I am hesitant due to the 1600 x 1600 limitation. I wanted a digital RAW studio!


----------



## bridges86406 (Oct 16, 2011)

Just bought it yesterday. It works for me considering I'm really only using it for light work, and turning pictures into wallpapers for the touchpad


----------



## dhrandy (Oct 19, 2011)

I can also verify that it works great. Not quite as many features as desktop Photoshop, but still a great app.

Sent from my Android Touchpad using Tapatalk.


----------



## rohan (Oct 10, 2011)

Yeah works nice here too. It's great in a pinch and works well.


----------



## androideric (Oct 6, 2011)

Works with CM9 ALPHA 2 with awesomeness!


----------



## 12paq (Aug 10, 2011)

And with the stylus and touch improvements this app is fantastic.


----------



## Infinite Jest (Jan 17, 2012)

12paq said:


> And with the stylus and touch improvements this app is fantastic.

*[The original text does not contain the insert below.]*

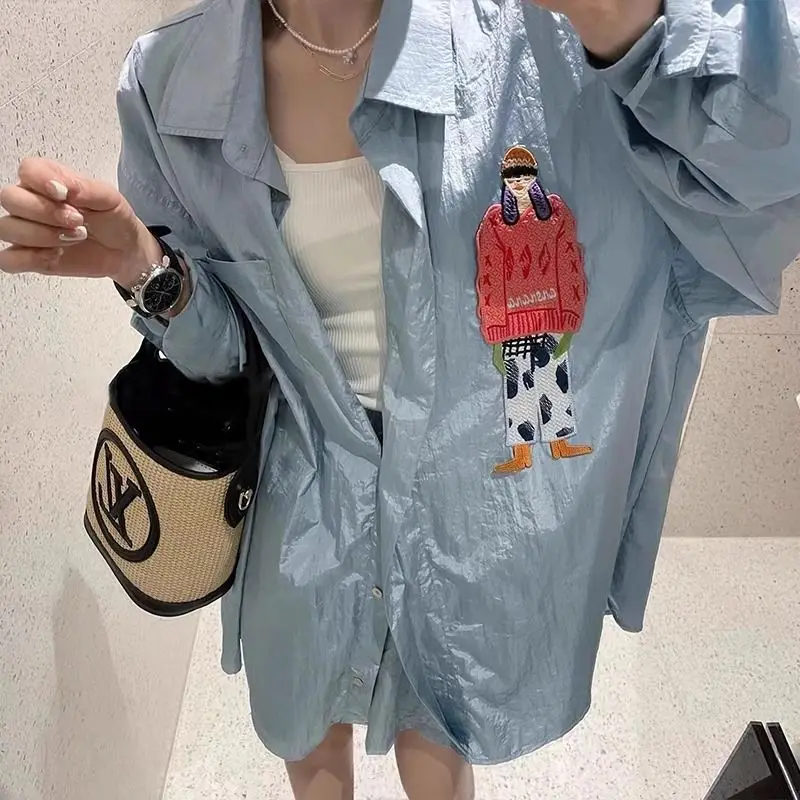 Oversized Women Clothing Fashion Two-piece Suit Printing Elastic Waist Shorts Autumn Trend Pocket Loose Short Sets Women Clothes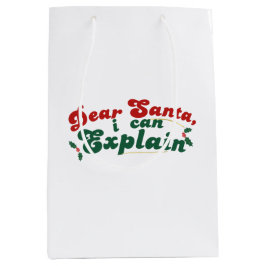 Kära Santa, jag kan förklara - Festive Helgdag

Stylus use is actually feasible now (moving from a2 to official nightly). All this time I thought it was just crappy hardware... Thank you cm team!


----------



## 12paq (Aug 10, 2011)

Infinite Jest said:


> Stylus use is actually feasible now (moving from a2 to official nightly). All this time I thought it was just crappy hardware... Thank you cm team!


ikr? good stuff! 
and to be a bit more accurate dees_troy submitted the touch and stylus changes, well done.


----------